The Crab Nebula has always fascinated me, albeit amazed me that it doesn’t look anything like a crab! It’s the result of a star that exploded at the end of its life back in 1054 CE, leaving behind what is known as a supernova remnant. Back then the explosion would have been visible to the naked eye, even in daytime. It was thought that the supernova that led to the cloud was from a less evolved star with a core made from oxygen, neon and magnesium. Recent studies by the James Webb Space Telescope reveals that it may actually be the core collapse of an iron rich star.
The Crab Nebula can be found in the constellation Taurus measuring 11 light years across. Deep inside the cloud, which expands at a rate of 1,500 kilometres per second, lies a rapidly rotating neutron star known as a pulsar. It emits a beam of electromagnetic radiation that sweeps across space much like a lighthouse sweeping out across the ocean. It has been the subject of many studies to learn about the dynamics of stellar evolution.
Previous studies have attempted to understand the total kinetic energy of the original explosion based upon the velocity of the expanding cloud. The data suggested that the supernova was relatively low energy so the progenitor star was likely to be in the range of 8 to 10 times the mass of the Sun. If it had been more massive it would have experienced a more violent supernova which would be revealed in higher velocity of the expanding gas cloud. But there was a problem.
The Fred Lawrence Whipple Observatory’s 48-inch telescope captured this visible-light image of the Pinwheel galaxy (Messier 101) in June 2023. The location of supernova 2023ixf is circled. The observatory, located on Mount Hopkins in Arizona, is operated by the Center for Astrophysics | Harvard & Smithsonian. Hiramatsu et al. 2023/Sebastian Gomez (STScI)

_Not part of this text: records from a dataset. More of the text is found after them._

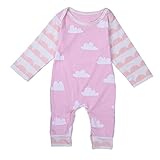 PER ロンパース カバーオール ベビー服　長袖 肌着 ルームウェア パジャマ　ボタン付き　ピンク　可愛い　雲プリント　新生児　幼児　女の子 (90cm)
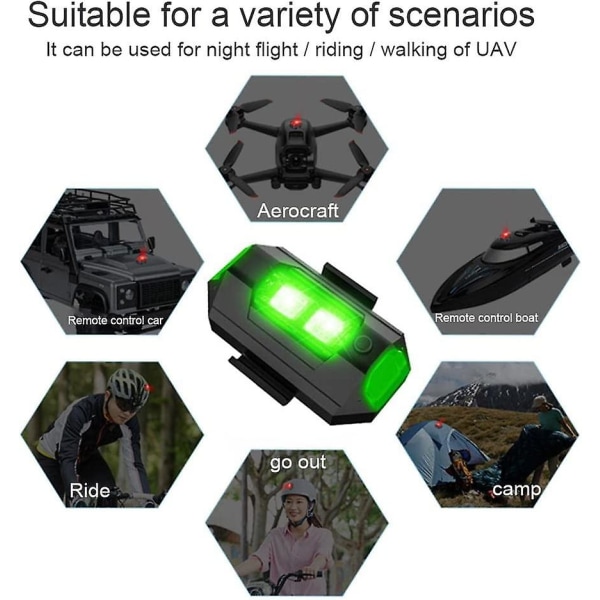 LED Flyvemaskine Strobe Lys, Mini Drone Strobe Lys, Drone Anti-kollisionslys, Multifunktionel Lommelygte Til RC Motorcykel Bil, Udendørs Cykel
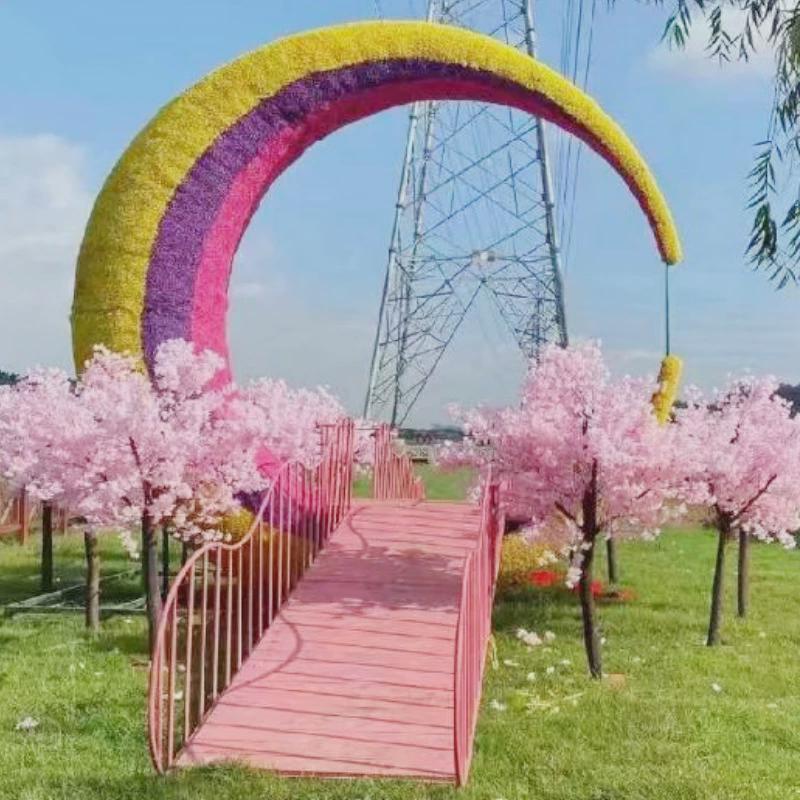 户外景区农场网红打卡道具大型装饰桥仿真绿雕景观景观美陈摆件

The observations of the Crab Nebula, particularly the high rotational speed of the pulsar, seemed to conflict with current supernova theory. In the model for lower mass stars like that which was the progenitor star of the Crab Nebula, the oxygen in the core ignites as the core collapses. This process does not have sufficient energy to generate such a fast rotating pulsar.
A team of astronomers have addressed this curiosity using MIRI (Mid-Infrared Instrument) and NIRCam (Near-Infrared Camera) onboard the James Webb Space Telescope to collect data from the Crab Nebula. The team was led by Tea Temim from the Princeton University in New Jersey. They report that the gas composition of the cloud suggests the star may have been more evolved with some iron in the core which could have led to a higher energy supernova than previously thought.
Artist impression of the James Webb Space Telescope
With Webb’s sensitive infrared instruments, the iron and nickel emission lines can be seen with more clarity than ever before. Studying the bright lines in the spectrum of the nebula has allowed a much more reliable estimate of the iron and nickel ratio to be deduced. They found it was a higher percentage compared to the Sun which was expected for a more energetic supernova.
The results are promising but the readings were taken from two small regions of the nebula so to rule out variations across the entire 11 light years further readings are needed. If the data from Webb is representative from the entire nebula then it’s possible one of the mysteries of the nebula may finally be solved.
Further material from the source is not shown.